Nuclear Energy (BusinessTech)
South Africa’s nuclear programme will probably cost less than the mooted R1 trillion, according to nuclear experts.
Rob Adam, chairperson of Nuclear Industry Association of South Africa, who led a panel discussion on nuclear energy at the African Utility Week in Cape Town, said he doubted if R1 trillion is required. “It seems like an easy number for the newspapers to write about. How realistic is that? It seems too much.”
A participant on the panel, Anthonie Cilliers, programme manager of nuclear engineering at North West University, said in response that he estimated an amount closer to R500bn.
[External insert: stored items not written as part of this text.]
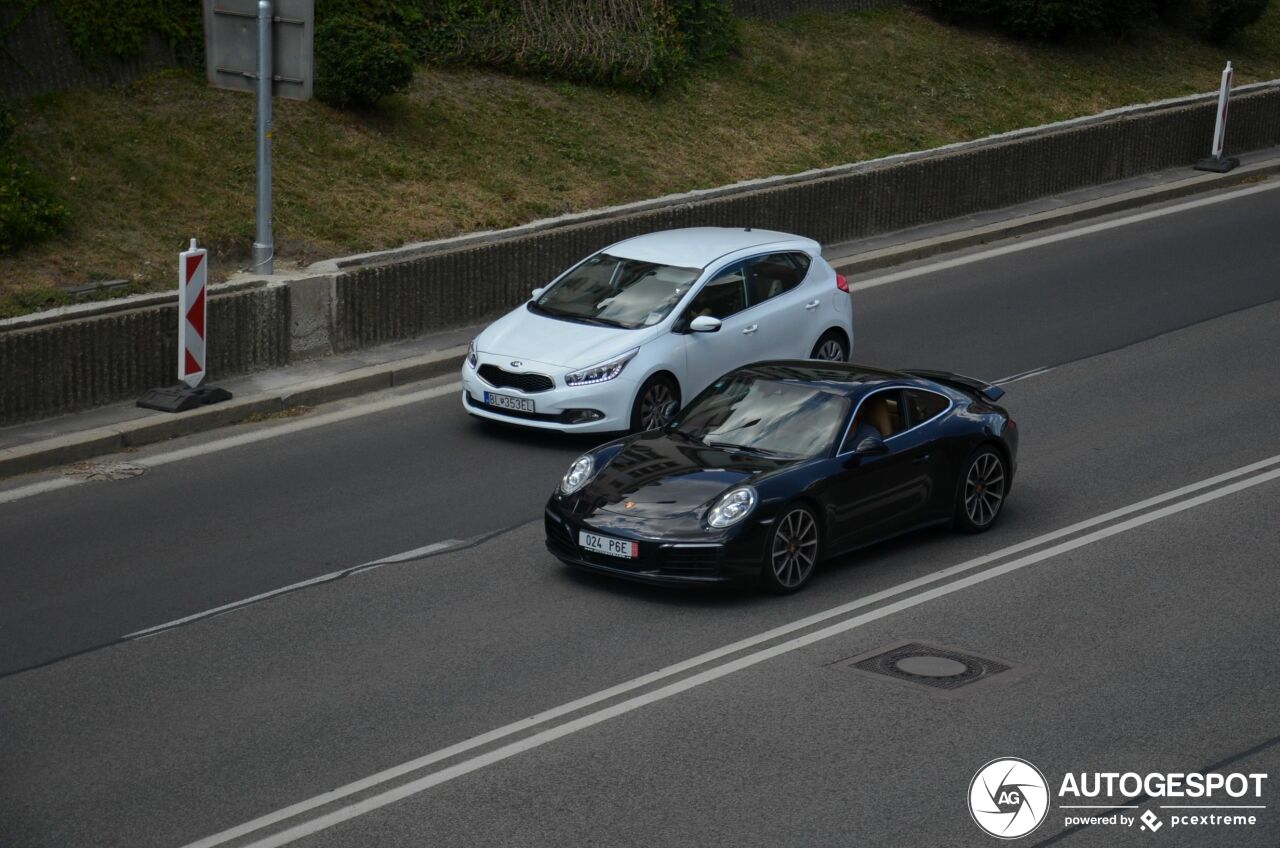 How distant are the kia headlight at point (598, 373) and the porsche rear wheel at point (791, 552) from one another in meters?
3.64

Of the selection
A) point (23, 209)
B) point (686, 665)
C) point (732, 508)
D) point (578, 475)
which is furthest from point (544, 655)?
point (23, 209)

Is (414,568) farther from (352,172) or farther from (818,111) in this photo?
(818,111)

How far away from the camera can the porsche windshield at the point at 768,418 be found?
1139 centimetres

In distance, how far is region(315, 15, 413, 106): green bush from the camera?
20094mm

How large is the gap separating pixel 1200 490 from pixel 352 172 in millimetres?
10713

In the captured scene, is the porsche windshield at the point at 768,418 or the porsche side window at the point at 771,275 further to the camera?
the porsche side window at the point at 771,275

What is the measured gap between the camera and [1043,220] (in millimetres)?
22922

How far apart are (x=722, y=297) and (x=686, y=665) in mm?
6251

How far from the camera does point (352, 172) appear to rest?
1950 centimetres

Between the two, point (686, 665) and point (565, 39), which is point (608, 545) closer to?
point (686, 665)

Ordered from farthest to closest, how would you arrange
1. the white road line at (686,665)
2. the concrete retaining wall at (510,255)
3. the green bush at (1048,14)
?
the green bush at (1048,14), the concrete retaining wall at (510,255), the white road line at (686,665)

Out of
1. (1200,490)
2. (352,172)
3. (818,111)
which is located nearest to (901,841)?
(1200,490)

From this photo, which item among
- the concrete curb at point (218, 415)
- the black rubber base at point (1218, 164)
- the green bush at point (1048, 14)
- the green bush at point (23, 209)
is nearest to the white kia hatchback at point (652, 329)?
the concrete curb at point (218, 415)

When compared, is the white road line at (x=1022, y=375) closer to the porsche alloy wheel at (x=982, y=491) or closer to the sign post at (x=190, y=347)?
the porsche alloy wheel at (x=982, y=491) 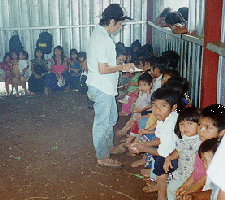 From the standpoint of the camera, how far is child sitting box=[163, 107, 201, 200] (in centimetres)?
243

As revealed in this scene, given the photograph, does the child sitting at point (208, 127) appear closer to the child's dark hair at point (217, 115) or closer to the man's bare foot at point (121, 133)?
the child's dark hair at point (217, 115)

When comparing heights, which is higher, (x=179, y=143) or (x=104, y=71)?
(x=104, y=71)

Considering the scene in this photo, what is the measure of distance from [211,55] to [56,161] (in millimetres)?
2360

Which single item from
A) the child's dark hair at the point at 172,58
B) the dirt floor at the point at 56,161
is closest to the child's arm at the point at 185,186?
the dirt floor at the point at 56,161

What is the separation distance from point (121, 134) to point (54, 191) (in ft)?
5.93

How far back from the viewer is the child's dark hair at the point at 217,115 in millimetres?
2027

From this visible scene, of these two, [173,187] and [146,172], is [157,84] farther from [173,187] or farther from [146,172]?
[173,187]

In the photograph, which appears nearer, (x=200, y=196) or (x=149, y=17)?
(x=200, y=196)

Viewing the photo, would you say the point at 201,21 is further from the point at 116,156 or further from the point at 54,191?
the point at 54,191

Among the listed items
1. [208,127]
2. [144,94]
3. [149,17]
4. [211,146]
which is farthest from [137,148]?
[149,17]

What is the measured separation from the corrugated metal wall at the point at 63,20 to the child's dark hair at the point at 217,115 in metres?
6.51

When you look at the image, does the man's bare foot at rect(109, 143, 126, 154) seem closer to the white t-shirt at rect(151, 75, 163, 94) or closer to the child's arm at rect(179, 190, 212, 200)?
the white t-shirt at rect(151, 75, 163, 94)

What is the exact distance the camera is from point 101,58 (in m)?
3.31

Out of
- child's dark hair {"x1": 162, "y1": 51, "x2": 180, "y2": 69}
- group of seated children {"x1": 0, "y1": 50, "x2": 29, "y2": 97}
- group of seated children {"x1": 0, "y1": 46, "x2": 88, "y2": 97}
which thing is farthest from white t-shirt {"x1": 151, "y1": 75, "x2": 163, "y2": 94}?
group of seated children {"x1": 0, "y1": 50, "x2": 29, "y2": 97} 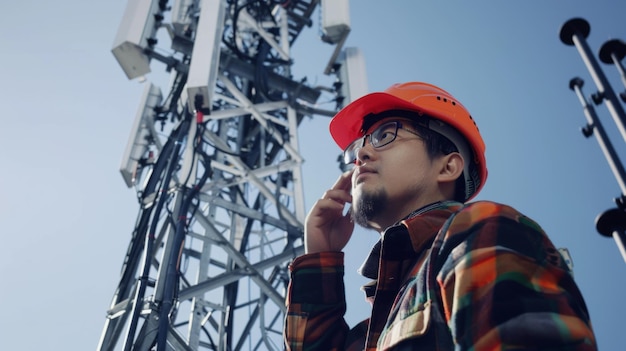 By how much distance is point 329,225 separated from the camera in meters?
2.14

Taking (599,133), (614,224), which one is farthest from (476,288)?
(599,133)

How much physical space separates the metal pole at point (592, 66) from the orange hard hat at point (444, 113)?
0.80 metres

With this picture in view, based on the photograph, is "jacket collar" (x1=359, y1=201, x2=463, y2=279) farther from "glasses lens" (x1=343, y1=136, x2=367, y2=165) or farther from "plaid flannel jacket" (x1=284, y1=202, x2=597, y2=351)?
"glasses lens" (x1=343, y1=136, x2=367, y2=165)

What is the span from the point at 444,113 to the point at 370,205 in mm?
476

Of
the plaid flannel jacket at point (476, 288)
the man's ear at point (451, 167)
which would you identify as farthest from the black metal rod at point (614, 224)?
the plaid flannel jacket at point (476, 288)

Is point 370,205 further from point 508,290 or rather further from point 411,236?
point 508,290

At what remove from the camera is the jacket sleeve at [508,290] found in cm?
88

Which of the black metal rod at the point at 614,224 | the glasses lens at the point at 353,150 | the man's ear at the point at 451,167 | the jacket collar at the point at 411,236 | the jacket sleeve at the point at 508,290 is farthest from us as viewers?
the black metal rod at the point at 614,224

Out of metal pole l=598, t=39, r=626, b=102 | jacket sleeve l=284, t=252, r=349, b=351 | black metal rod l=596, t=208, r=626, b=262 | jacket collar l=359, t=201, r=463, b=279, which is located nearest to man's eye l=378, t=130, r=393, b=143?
jacket sleeve l=284, t=252, r=349, b=351

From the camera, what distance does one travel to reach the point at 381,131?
2.07 metres

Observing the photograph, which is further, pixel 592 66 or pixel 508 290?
pixel 592 66

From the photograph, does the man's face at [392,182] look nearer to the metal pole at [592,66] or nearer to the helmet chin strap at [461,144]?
the helmet chin strap at [461,144]

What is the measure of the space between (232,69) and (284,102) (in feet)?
2.23

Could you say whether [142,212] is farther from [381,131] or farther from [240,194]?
[381,131] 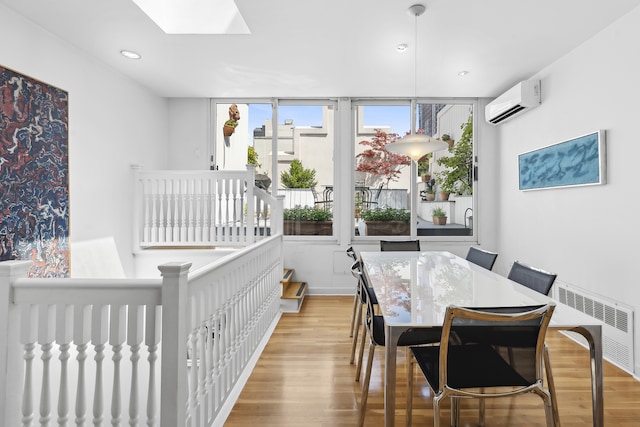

“In my mind it would cost about $4,000 per installed kilowatt, based on electricity supply. If multiplied with 9,600 megawatts we get to R500 billion – that’s half of the price that is being thrown around.”
Dmitri Vyotski, director of nuclear research reactors at Russian nuclear corporation Rosatom, said one should be careful to just take a number without basing it on site locations and specific solutions. “There are a number of interdependent factors that influence the overall price.”
He pointed out that whatever the cost, a nuclear programme would have a positive effect on South Africa’s economy. “In other countries it has created 10 000 jobs in other sectors.”
Another panel member, Professor Johan Slabber from the University of Pretoria, said although there are concerns about the cost of a nuclear build programme, it is important to analyse the total cycle of the facility, from “planning, construction, running, decommissioning cost and the levelised cost of electricity”.